*** Opening Provided entries ***

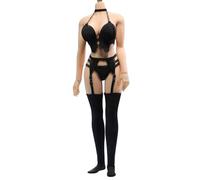HiPlay Poupée à échelle 1/6 : bas de lingerie en dentelle noire pour femme 30,5 cm figurine d'action collectable JO23X-11A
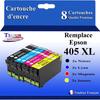 Compatible Ink Cartridges - T3AZUR - Epson 405/405XL - Pack of 8 - High Quality - 1100 Pages Per Color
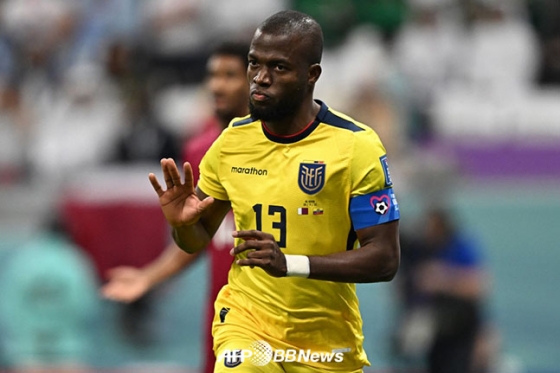 2022 FIFA 카타르 월드컵 첫 골의 주인공이 된 에콰도르 에네르 발렌시아. /AFPBBNews=뉴스1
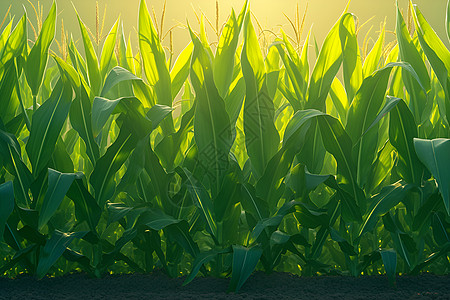 阳光下闪烁绿色光芒的玉米叶高清图片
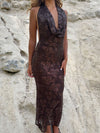 Eudora maxi dress with sequin flowers – Brown
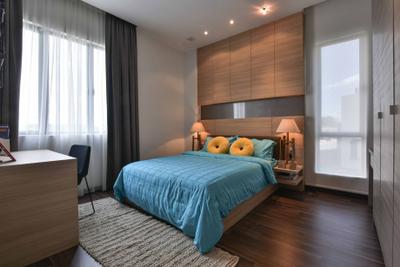 MKH Kajang East, Nice Style Refurbishment, Contemporary, Bedroom, Landed, Tv Feature Wall, Blue, Blue Bedsheet, Bedside Table, Bedside Lamp, Wood, Carpet, Feature Wall, Indoors, Interior Design, Room, Bed, Furniture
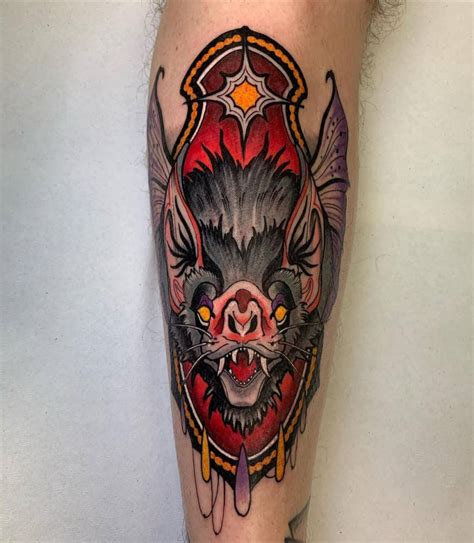 Neotraditional Bat Portrait Tattoo On The Shin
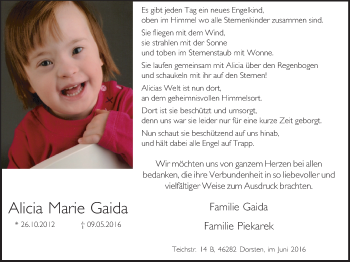 Traueranzeige von Alicia Marie Gaida von Stadtspiegel Gladbeck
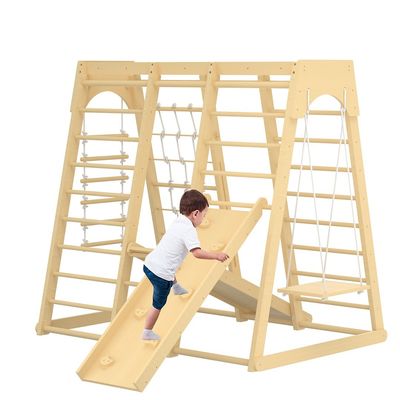 Juguetes de escalada de madera para niños pequeños para patios de juego y juegos de impresión grabado con láser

*** Closing Provided entries ***

Transcribe every line in the entries above, taking out only the images.

HiPlay Poupée à échelle 1/6 : bas de lingerie en dentelle noire pour femme 30,5 cm figurine d'action collectable JO23X-11A
 Compatible Ink Cartridges - T3AZUR - Epson 405/405XL - Pack of 8 - High Quality - 1100 Pages Per Color
 2022 FIFA 카타르 월드컵 첫 골의 주인공이 된 에콰도르 에네르 발렌시아. /AFPBBNews=뉴스1
 阳光下闪烁绿色光芒的玉米叶高清图片
 Eudora maxi dress with sequin flowers – Brown
 MKH Kajang East, Nice Style Refurbishment, Contemporary, Bedroom, Landed, Tv Feature Wall, Blue, Blue Bedsheet, Bedside Table, Bedside Lamp, Wood, Carpet, Feature Wall, Indoors, Interior Design, Room, Bed, Furniture
 Neotraditional Bat Portrait Tattoo On The Shin
 Traueranzeige von Alicia Marie Gaida von Stadtspiegel Gladbeck
 Juguetes de escalada de madera para niños pequeños para patios de juego y juegos de impresión grabado con láser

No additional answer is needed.